That’s it. We are technically done. If you save and drag the .kicad_pcb file onto the OSHPark web page you’ll get a pretty purple PCB in a week or two. That’s not to say this PCB actually works – I screwed up the USB signals in the schematic, and that propagated over to the PCB. No matter, because no one is actually going to build one of these boards.

This just about concludes the ‘Creating A PCB in Everything’ tutorial for KiCad. If you’ve been reading along for the last five thousand words, you have an excellent introduction to KiCad, and should at least be able to build a breakout board. This doesn’t mean I’m done with KiCad quite yet – there are a few more tricks to go over including DRC and ERC, a demo of how freakin’ awesome the routing in KiCad is, and I need to put a keepout on the decoupling cap in on the board, anyway. Creating a PCB in Everything: KiCad Part 3 (the optional part) will be out sometime next week.

Thoughts on KiCad

This series of posts serves two purposes. First, it is a quick tutorial for various PCB design tools. After reading these posts, you should be able to guess your way through a PCB design tool and build a simple PCB. Second, each of these tutorials serves as a pseudo-review of each PCB design tool. Each of these posts serves to illuminate the quirks of a PCB design tool, and serves as a notice that I still have an unclaimed bounty for the first person to create a part for an ATtiny85 from scratch in Fritzing. Don’t use Fritzing, it sucks.

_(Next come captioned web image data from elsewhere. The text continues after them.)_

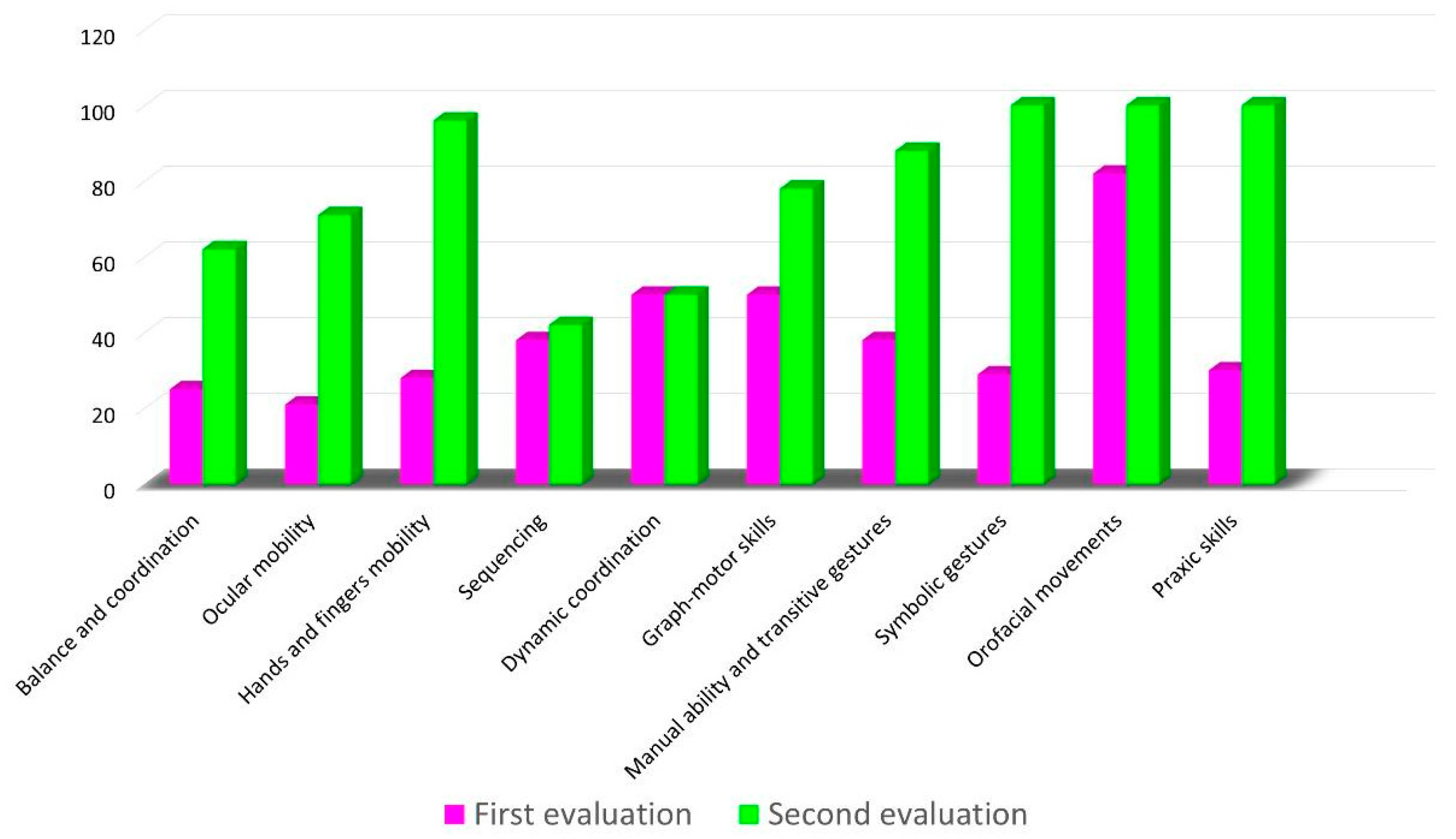 Applsci 09 03081 g007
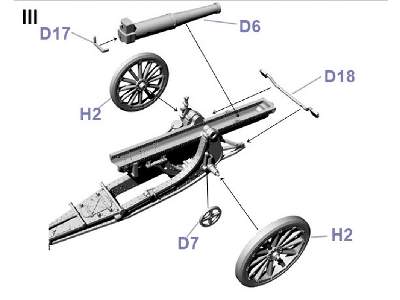 Haubica 155 M1918 - zdjęcie 5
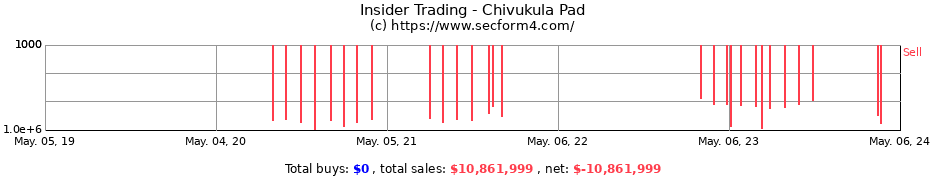 Insider Trading Transactions for Chivukula Pad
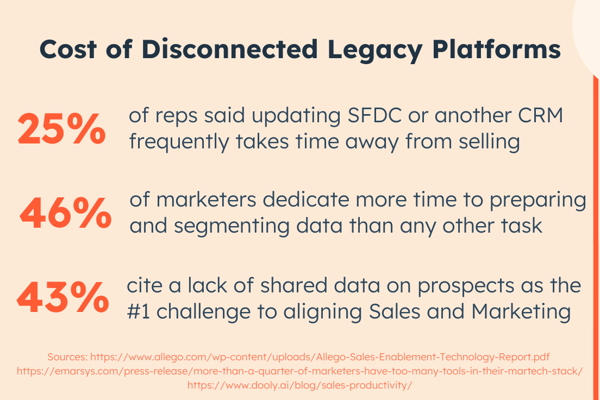 cost-of-legacy-disconnected-platforms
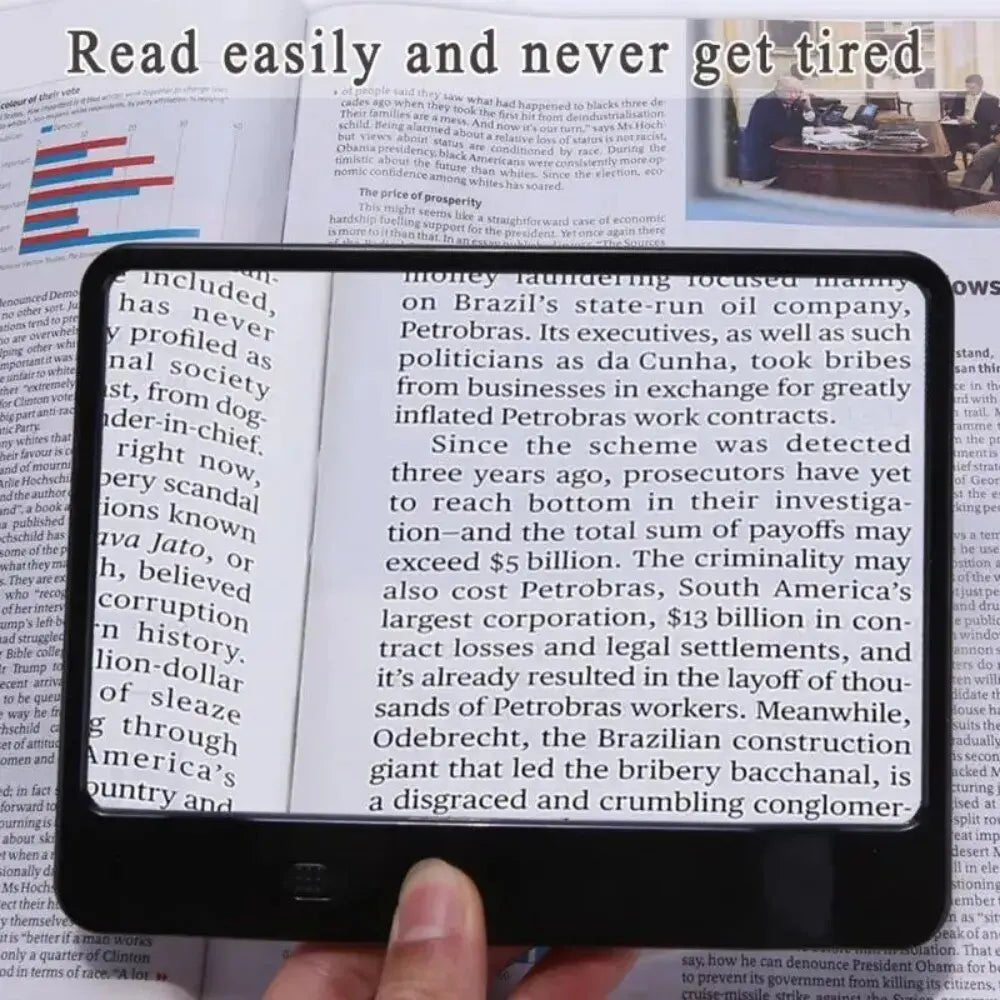 3x LED Page Magnifier — Full-Width Lens, Integrated Even Illumination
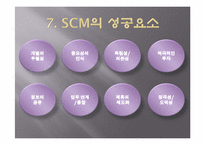 SCM(supply chain management) 효과 및 성공사례-12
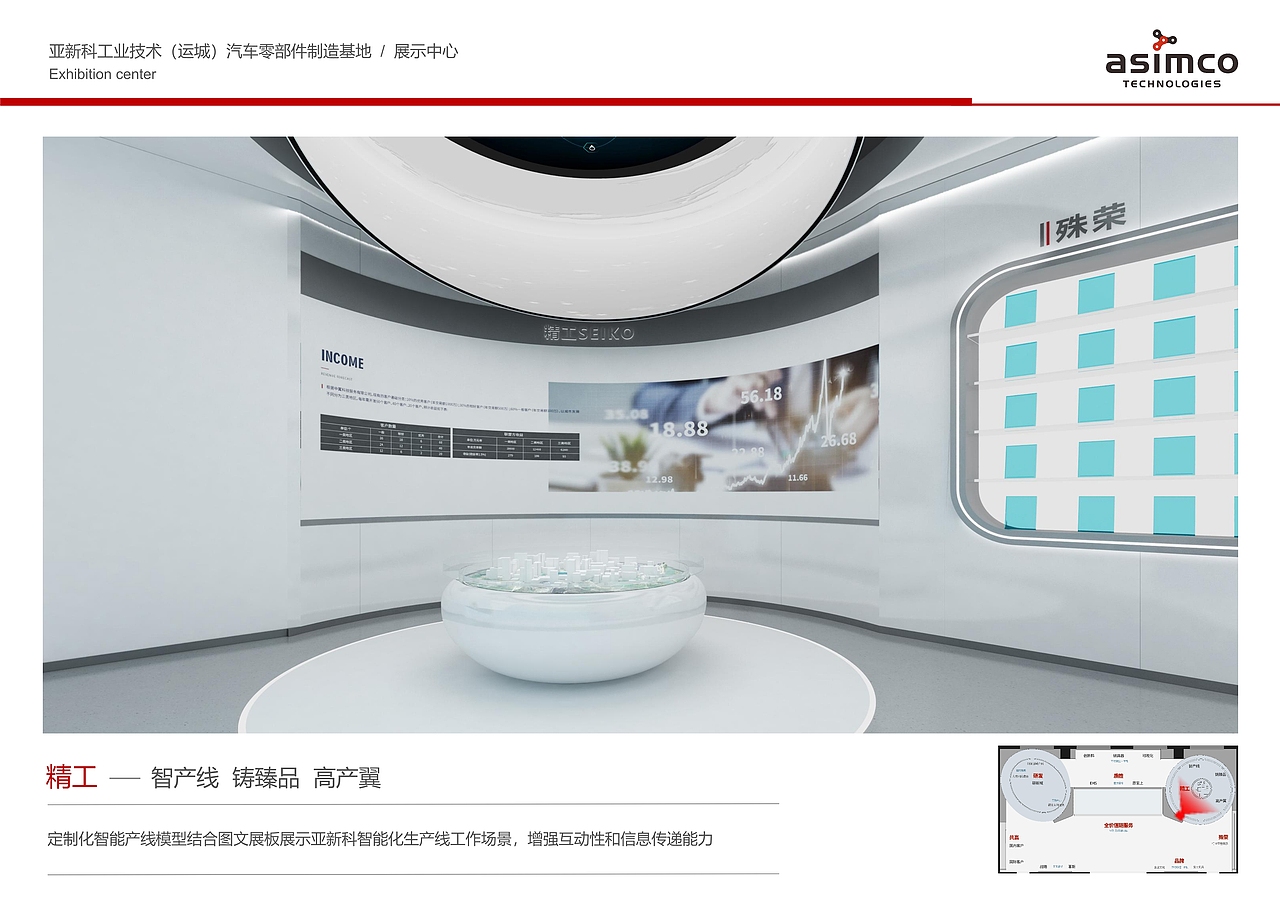 小小的企业馆及完工照片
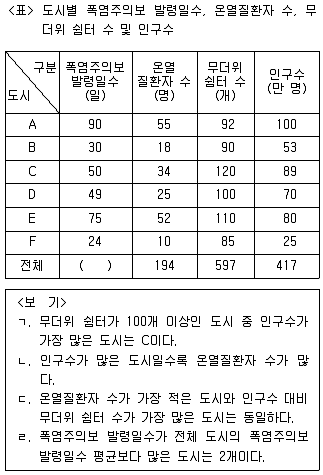 PSAT 자료해석 2019년 1회 2번 문제 그림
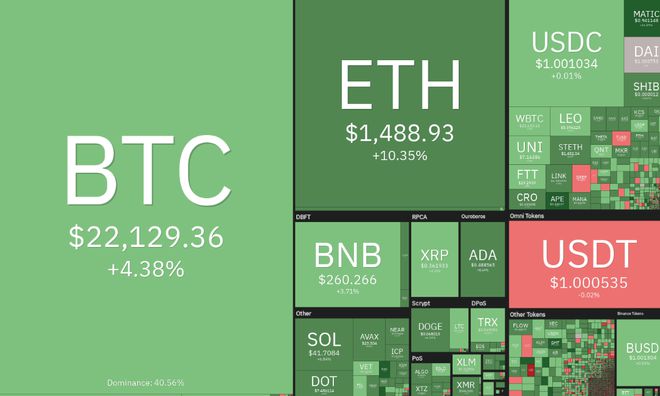 亚洲企业加大比特币（BTC）购买力度，Metaplanet和HK Asia引领市场潮流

Coming from Eagle, KiCad is downright weird. That’s not to say it’s difficult, though – it’s generally the same as any other PCB design tool. The interface, like nearly every Open Source project, is obtuse, and there are five non-obvious ways to complete any task. There is zero reason why parts imported from a netlist into a board are squished together. Custom libraries can and should be automatically imported. The KiCad community especially rancorous. The UI suffers from an intangible wrongness about it, although that seems to lessen after working with it for a few hours. In a sense, KiCad is exactly what you would expect from an Open Source project that is decades old, very mature, and has features packed to the gills: it’s very powerful, but not friendly to the beginner.

Although the KiCad beginner will struggle to wrap their heads around the interface, it will be one of the most powerful PCB design tools I’ll use in this series of posts. No other free (beer) program will give you 32 copper layers and unlimited routing space. Nothing else uses the cloud/GitHub like KiCad. It’s brilliant.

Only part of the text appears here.